A computer’s cycles were once divided between many users, a practice known as timesharing. A mainframe would have been leased to customers of a data processing service (DPS) in terms of processor cycles, storage per unit time, and terminal connections. The first timesharing systems were developed at MIT and Dartmouth in the late ‘50s and early ‘60s, and commercialized by General Electric GE in 1965.

DPS companies also provided batch processing services, the non-interactive processing of a customer dataset. In general, these calculations were made with software provided by the vendor. So DPS companies distinguished themselves, in large part, through their software, sold as a service.

Demand for timesharing, on the other hand, was driven by access to generic computing resources (platform) instead of specific software. The first users of timesharing services were engineers, scientists, and other professionals capable of constructing and executing their own programs.

As the timesharing market matured, its value-proposition evolved. The use of specialized software became one of its customers’ primary requirements; though platform access remained valuable. The maturation of the timesharing sector was accompanied by a shift in market level. While enterprises had composed the vast majority of timesharing customers, the SMB market was increasingly perceived as a legitimate and valuable target.

The Character of the Market

The timesharing market’s reach was limited to the “already computing” market segment. More than two thirds of the companies that consumed timesharing services owned their own computer hardware. The same is true for today’s US/European enterprise SaaS adoptees. The lagging of the overall enterprise SaaS adoption rate (relative to SMB) has historically been overstated [1]; but barriers to adoption are higher for enterprises with existing infrastructure than those without.

SaaS installations in the US and Europe more often replace installed, legacy systems than those in the Asia-Pacific region, which are more often new deployments. The prevalence of legacy software installations exerts pressure on the US and European SaaS markets to provide solutions tailored to enterprises with significant IT infrastructure investment. Two complementary requirements of such enterprises are flexibility and simplicity: they demand SaaS which interfaces with existing infrastructure; and their SaaS investments are supposed to reduce maintenance and/or configuration overhead.


Service oriented architectures (SOA) provide sophisticated interaction with a software product’s components via well-defined interfaces. These interfaces provide customers the tools to customize and automate interaction with existing infrastructure. Customer-facing SOAs widen the market envelope to include customers with complex IT infrastructure, while leveraging those customers’ IT personnel.

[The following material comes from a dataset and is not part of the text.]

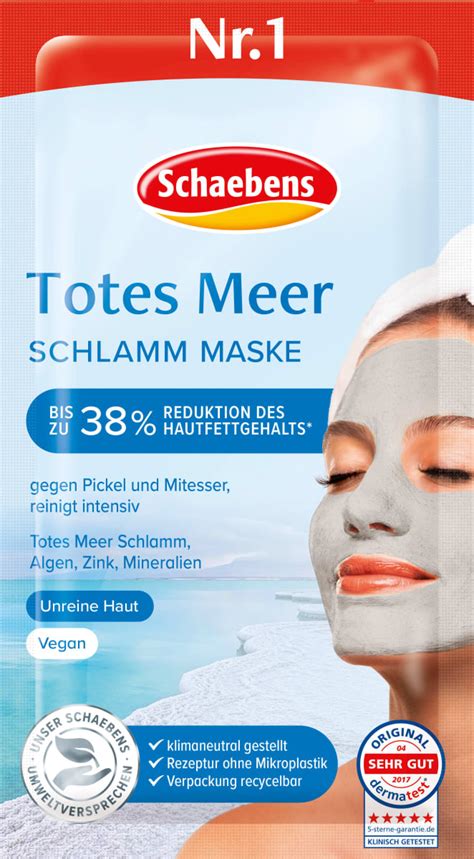 Schaebens Gesichtsmaske Totes Meer Schlamm 15 ml dauerhaft günstig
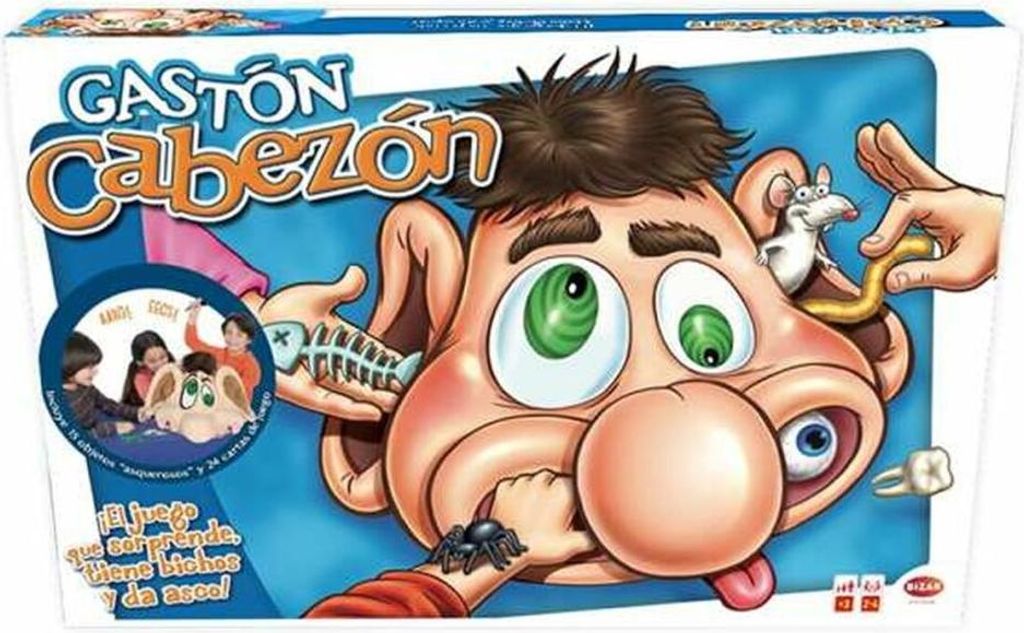 Bizak Gaston Cabezón Brettspiel Mehrfarbig Mehrfarbig One Size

In general, SaaS benefits from its automatic, universal software delivery mechanics. But hybrid SaaS deployments must strive to avoid version skew among its on-premises components. Version skew is a major contributor to engineering technical debt. And importantly, non-uniform experiences among customers may complicate a hybrid SaaS product’s market-perception.

Inflection Points

The timesharing market grew exponentially until computers became small and cheap enough that businesses preferred their purchase and maintenance to the consumption of cycles and storage on a remote mainframe. Then the DPS market contracted quickly, disappearing in less than a decade. Such points of inflection are not necessarily unpredictable. After all, the price and size of computers had been decreasing for decades prior to the timesharing market’s contraction.

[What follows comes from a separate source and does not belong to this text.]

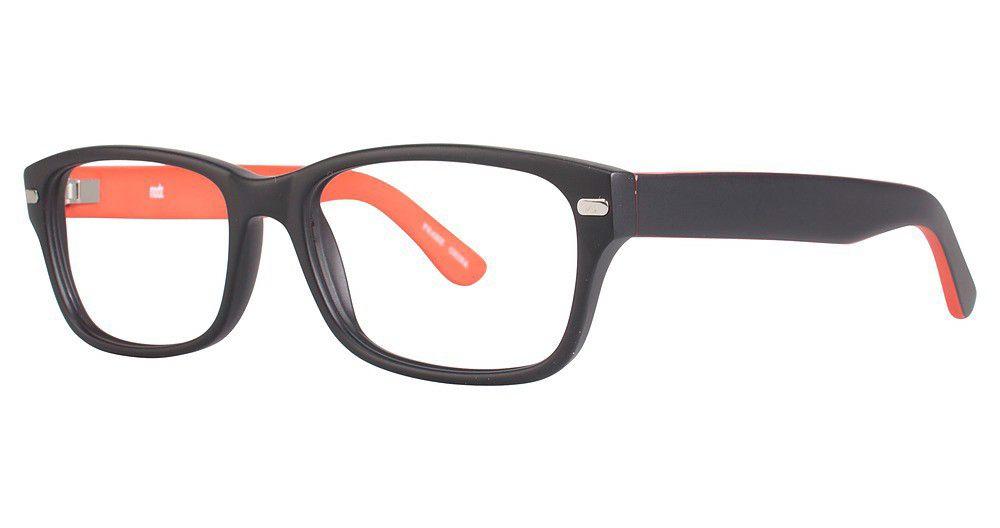 BLCKMTTRD - Black Matte/Red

The PC revolution’s preemption of SMB timesharing adoption doesn’t negate the vitality of its market-growth prior to decline. In 1965, the entire DPS market was one fifth the size of the systems market in terms of revenue. By 1978, the proportion was approximately one half. Timesharing’s share of the DPS market increased approximately 50% within the same period.

Before PCs flooded the market, technology pundits imagined the future of software delivery as similar to a public utility, an age of universal access to powerful, remote computing resources. That antediluvian dream seems to have reemerged, tempered by history, in today’s market, which is saturated by IT infrastructure. Perhaps tomorrow’s infrastructure will be neither on-premises nor remote, but distributed.

1) Benlian A. and Hess T., Buxmann P. [2009] Drivers of SaaS Adoption — An Empirical Study of Different Application Types. Business & Information Systems Engineering, 5:357-69.

2) Campbell-Kelly M. and Garcia-Swartz D. [2008] Economic Perspectives on the History of the Computer Time-Sharing Industry. IEEE Annals of the History of Computing, 30:16-36.